There are three main differences between our new model and other dialogue practices:

1.Our model is designed to address precisely the core beliefs that we must confront if dialogue is to have a significant impact. Whereas many dialogue programs and other peace education projects skirt around the edges of the key issues, Healing Hatred concentrates on examining our most important convictions about ourselves and our society – our overwhelming sense of moral superiority; of victimhood; of the justification that we are only defending ourselves against enemies single-mindedly intent on our destruction; fear for our very survival, both as individuals and as a people.
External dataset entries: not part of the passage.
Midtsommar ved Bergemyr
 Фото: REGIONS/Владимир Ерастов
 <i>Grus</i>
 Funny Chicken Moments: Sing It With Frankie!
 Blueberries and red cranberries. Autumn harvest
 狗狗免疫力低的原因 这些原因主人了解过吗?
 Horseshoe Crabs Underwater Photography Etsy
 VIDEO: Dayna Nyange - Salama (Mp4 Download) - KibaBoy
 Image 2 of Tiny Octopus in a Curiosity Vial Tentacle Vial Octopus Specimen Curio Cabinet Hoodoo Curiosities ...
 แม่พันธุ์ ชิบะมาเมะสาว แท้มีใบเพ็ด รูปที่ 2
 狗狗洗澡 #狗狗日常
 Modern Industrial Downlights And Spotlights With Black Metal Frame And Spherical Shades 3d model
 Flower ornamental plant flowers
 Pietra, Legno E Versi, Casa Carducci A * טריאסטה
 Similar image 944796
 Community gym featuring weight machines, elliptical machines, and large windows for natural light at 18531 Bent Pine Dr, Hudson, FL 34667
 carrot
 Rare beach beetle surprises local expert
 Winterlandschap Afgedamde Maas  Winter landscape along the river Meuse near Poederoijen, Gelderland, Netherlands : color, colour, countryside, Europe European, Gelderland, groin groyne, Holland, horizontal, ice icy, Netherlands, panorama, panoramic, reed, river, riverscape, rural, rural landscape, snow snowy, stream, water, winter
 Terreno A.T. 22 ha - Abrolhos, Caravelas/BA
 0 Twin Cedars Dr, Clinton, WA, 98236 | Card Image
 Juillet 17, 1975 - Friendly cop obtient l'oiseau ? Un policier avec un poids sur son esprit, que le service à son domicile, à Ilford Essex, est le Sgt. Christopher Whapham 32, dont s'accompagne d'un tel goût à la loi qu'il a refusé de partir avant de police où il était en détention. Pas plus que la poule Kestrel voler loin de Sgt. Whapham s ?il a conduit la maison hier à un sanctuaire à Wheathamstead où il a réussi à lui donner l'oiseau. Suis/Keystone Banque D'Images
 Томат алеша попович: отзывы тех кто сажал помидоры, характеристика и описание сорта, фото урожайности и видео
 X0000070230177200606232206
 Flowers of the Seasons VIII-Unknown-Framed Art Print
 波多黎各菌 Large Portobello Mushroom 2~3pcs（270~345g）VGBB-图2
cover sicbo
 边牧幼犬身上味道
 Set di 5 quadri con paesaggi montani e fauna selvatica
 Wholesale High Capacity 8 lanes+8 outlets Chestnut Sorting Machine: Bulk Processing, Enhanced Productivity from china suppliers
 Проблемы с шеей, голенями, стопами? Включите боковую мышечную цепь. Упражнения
2.Where in standard dialogue groups the emphasis is on listening to the Other to understand their point of view, and to create empathy for their situation, in the Healing Hatred process the emphasis is on self-examination. The process we have created for the group revolves around the use of a questionnaire, which requires each participant to share with the group their own dilemma concerning the conflict to promote their own personal growth. Over the course of the group process, the group learns to listen deeply and hears many different stories from many different perspectives. In this respect, the process has a lot in common with other forms of dialogue. However,

3.The dynamic created is completely different from existing dialogue models, and ground-breaking. The group listens deeply to the individual, but their reflections are designed to assist that individual – not to justify themselves. The dynamic of competitive suffering, or of arguing, or of each side becoming entrenched in their stance in opposition to the Other, is avoided. Rather, the dynamic is created of honest sharing, of empathy, of understanding, of healing.

This model is now being used in the framework of other Rossing Center programs, such as Meeting Place and the Ramle Open House, as well as in partnership with the Holy Land Trust in Bethlehem.

Project Staff

Vivian Rabia, Project Director

International Conference in Jerusalem - Bethlehem- Bet Jalla, 2017

Based on the Healing Hatred project, Dr. Sarah Bernstein (Rossing Center) and Prof. Ruhama Weiss (HUC) presented a draft model for dialogue in conflict at the 2016 International Conference of the International Association of Spiritual Care (IASC) in Bern, Switzerland, see The IASC Board asked the Rossing Center, HUC, and HLT to co-host and co-organize the 2017 International Conference of the IASC in Jerusalem-Bethlehem-Bet Jalla, 9-11 July. The conference was a huge success, as it created the opportunity for us to share our model with both local and international audiences, and further a world-wide conversation about models for healing hatred.

Building on the successful conferences held in 2015 and 2016, which examined the fields of Spiritual Care in an Intercultural World, and Spiritual Care and Migration, the 2017 conference has continued the process of investigating and developing the field of spiritual care in different directions, focusing on the complex context of political conflicts and examining the meeting point of spiritual care and interreligious peacebuilding work. The conference has brought together around 180 speakers and participants from a wide array of different professional and academic backgrounds for two and a half days of papers, panel discussions and practical workshops, and has provided an ideal forum for exchanges around the concept of trauma underlying the conflict and preventing progress toward a sustained political solution.

The key-note speaker that addressed the conference is Fr. Michael Lapsley, the Founding Director of the Institute for Healing of Memories in South Africa. Fr. Michael both inspired and informed our work here in Israel-Palestine, as well as other reconciliation work around the world. As well as speaking at the conference, we also had the opportunity to have a full-day training seminar with Fr Michael for the entire Rossing Center team, together with our partners from Holy Land Trust and HUC.

Other international speakers included Prof. Pamela Cooper-White from Union Theological Seminary in New York and Sarah Snyder, the Advisor on Reconciliation to the Archbishop of Canterbury.